From Lucas Fagan comes a buster of brains and brackets that’s just in time for March Madness:
Consider a single-elimination tournament with four teams that hold a definitive ranking — that is, one team is the best, another team is second-best and so on. In each game, the better team wins. When the tournament is complete, you know for certain which team is the best. However, you can’t make similar claims about the remaining teams.
Suppose the winning team is A, and it plays B in the first round. Meanwhile, the team that loses in the final is C, whose opponent in the first round is D. With this bracket, there are three possible rankings of teams from best to worst: A/B/C/D, A/C/B/D and A/C/D/B.
For this week’s puzzle, instead of four teams, consider a single-elimination tournament with eight teams. How many possible rankings of teams are possible for a given completed bracket?

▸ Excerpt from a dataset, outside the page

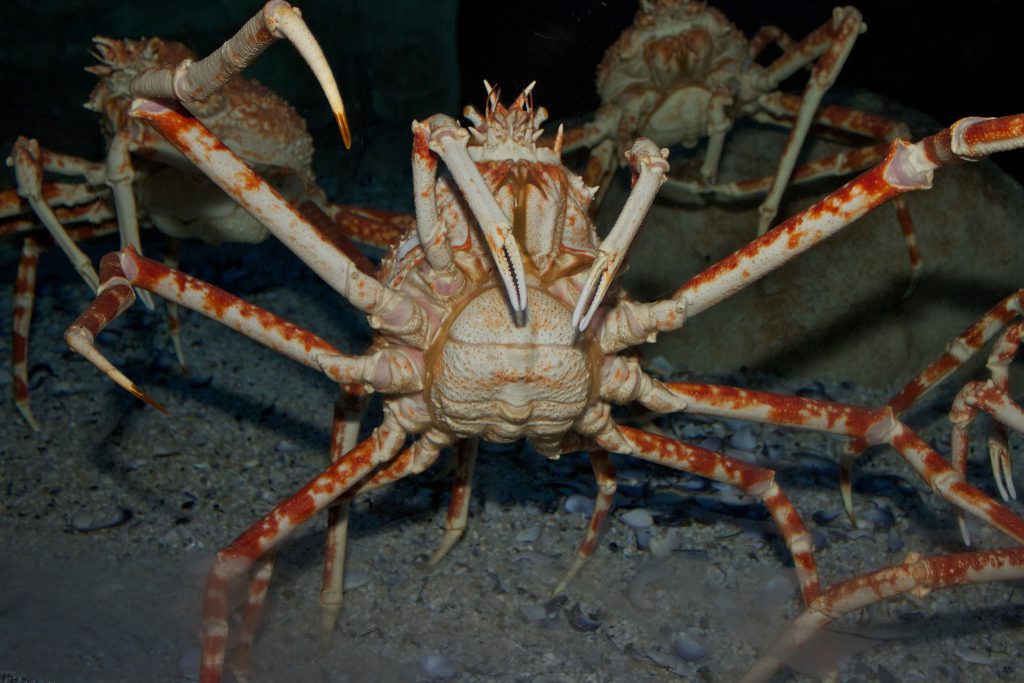 Macrocheira kaempferi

Extra credit: Instead of eight teams, suppose there are 2N teams. In terms of N, how many possible rankings of teams are possible for a given completed bracket?
If there are four teams, two $N = 1$ brackets come together before the final match.

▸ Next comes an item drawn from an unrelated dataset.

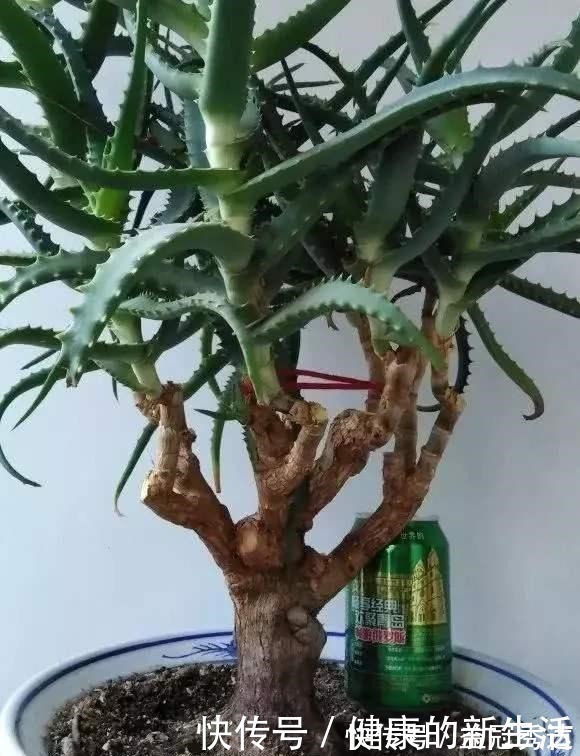 芦荟|芦荟不值钱，养成“老桩”很稀罕，叶子胶质多，越老越值钱！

Since one player is the clear winner, the loser to the winner in the first round can be ranked in any spot between the two teams from the other bracket.
$$R(2) = \dfrac{3!}{1!2!} \cdot R(1) \cdot R(1) = 3$$If there are eight teams, two $N = 2$ brackets come together before the final match.

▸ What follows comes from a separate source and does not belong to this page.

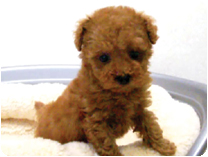 トイプードル by NIPPON PET（大垣）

Since one player is the clear winner, the three losers from the winner's bracket can be ranked in any spot between the four losers from the other bracket.
$$R(3) = \dfrac{7!}{3!4!} \cdot R(2) \cdot R(2) = 35 \cdot 3 \cdot 3 = 315$$From above, if there are $2^N$ teams, two $2^{N-1}$ brackets come together before the final match.
Since one player is the clear winner, the $2^{N-1}-1$ losers from the winner's bracket can be ranked in any spot between the $2^{N-1}$ losers from the other bracket.
$$R(N) = \dfrac{(2^{N}-1)!}{(2^{N-1}-1)!(2^{N-1})!} \cdot \big(R(N-1)\big)^2$$
$$ = \dfrac{(2^{N}-1)!}{(2^{N-1}-1)!(2^{N-1})!} \cdot \dfrac{(2^{N-1}-1)!}{2^{2^{N-1}-N}} \cdot \dfrac{(2^{N-1}-1)!}{2^{2^{N-1}-N}}$$
$$ = \dfrac{(2^{N}-1)!}{2^{N-1} \cdot 2^{2^{N-1}-N} \cdot2^{2^{N-1}-N}}$$
$$ = \dfrac{(2^N-1)!}{2^{2^N-N-1}}$$